Are you speaking of sentences found in published literature? I’ve seen it done for effect now and then—for instance, to indicate in dialogue that a character is speaking an unfamiliar name or word, something like this: “In Amrika they call this noodle mah-kah-ro-nee.” But more than a little of this sort of thing would grow annoying very quickly, so I’m glad to say I don’t see much of it.
Or are you just looking for any kind of made-up example? Informal “phonetic” spelling depends, of course, on shared conventions for the spelling you do use. In the example you gave, we know how you intend us to say “sykology” because we know the word it stands for, thanks to the ample context. But there’s nothing inherent in that series of letters that tells us how to render the y or where to put the emphasis. It isn’t really phonetic—it’s just a somewhat simplified spelling of a known word. If I wrote, for instance, “sinekdukey” and told you it was a phonetic spelling, how would you say it? and what would you have to do to come up with the intended word?
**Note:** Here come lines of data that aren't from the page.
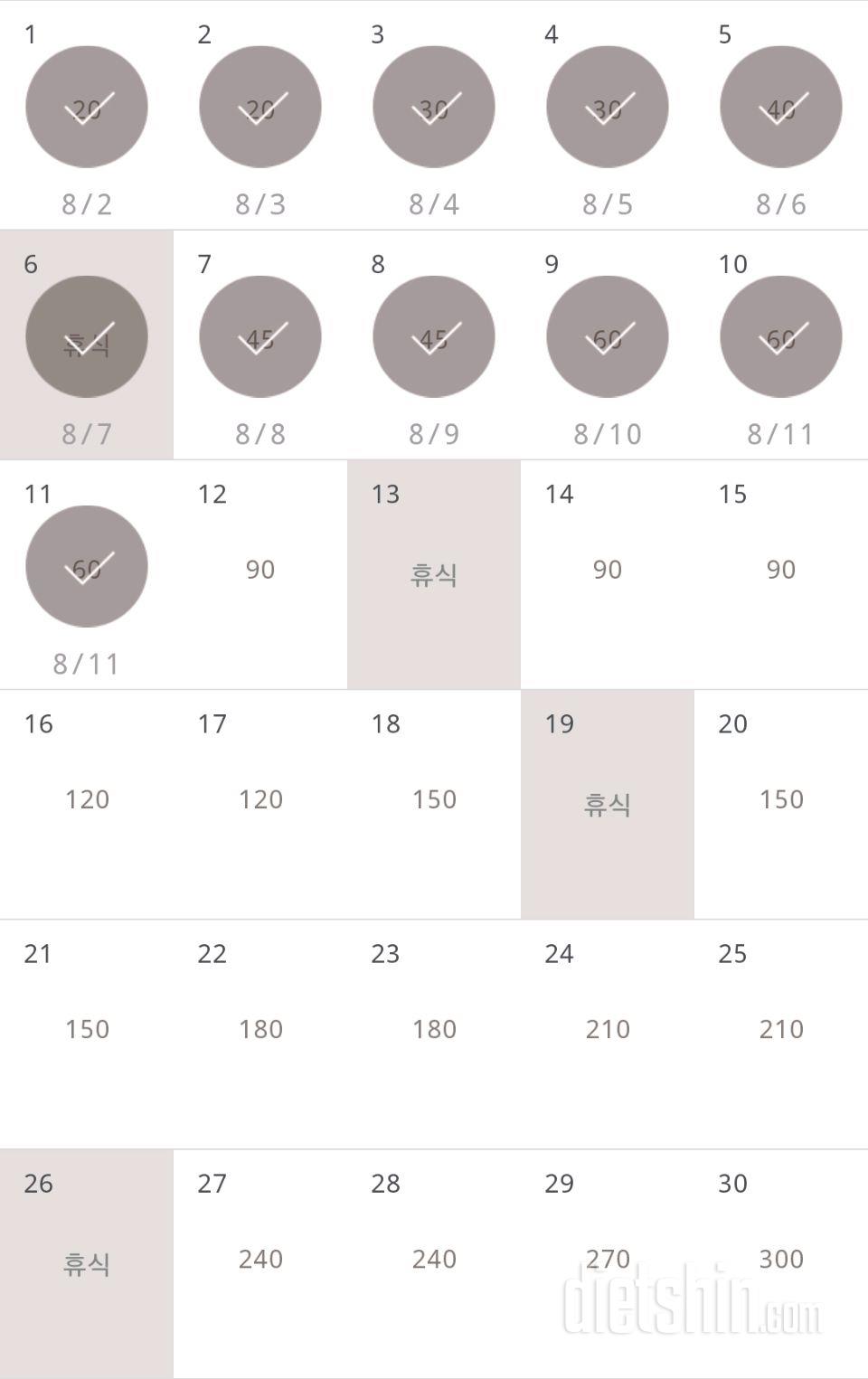 30일 플랭크 191일차 성공!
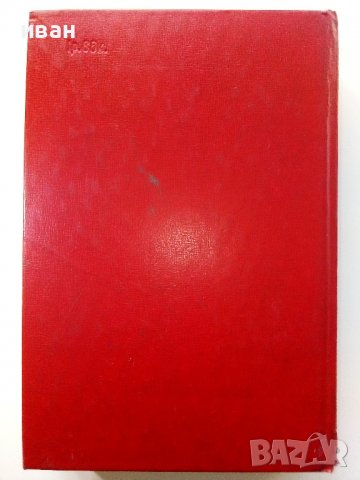 Автомобили ВАЗ - 1976г., снимка 13 - Специализирана литература - 38653395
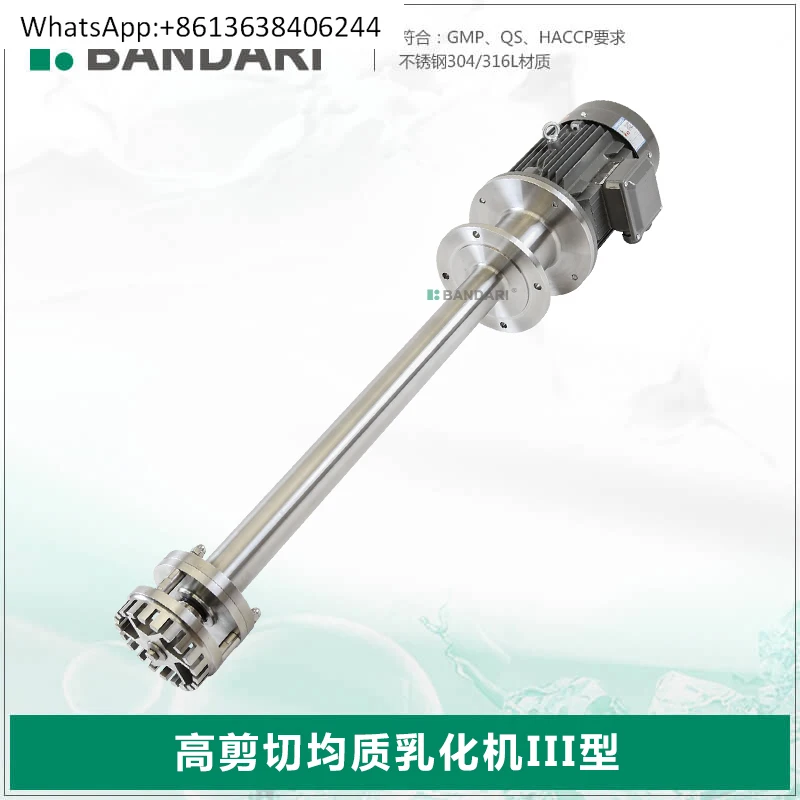 Эмульгирующая головка из нержавеющей стали, устойчивая к давлению, гомогенная дисперсия с высоким сдвижением, эмульгирующая машина, зубная паста
Эмульгирующая головка из нержавеющей стали, устойчивая к давлению, гомогенная дисперсия с высоким сдвижением, эмульгирующая машина, зубная паста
If you’re just looking for misspellings based on how a heard expression is rendered by someone who doesn’t actually know what words are being used, they’re all over the Internet, including right here on Fluther. Unless they use a set of formal symbols for rendering sounds (a phonetic alphabet) with a one-to-one correspondence between sound and symbol, they still depend on a set of shared conventions for pronouncing letter combinations.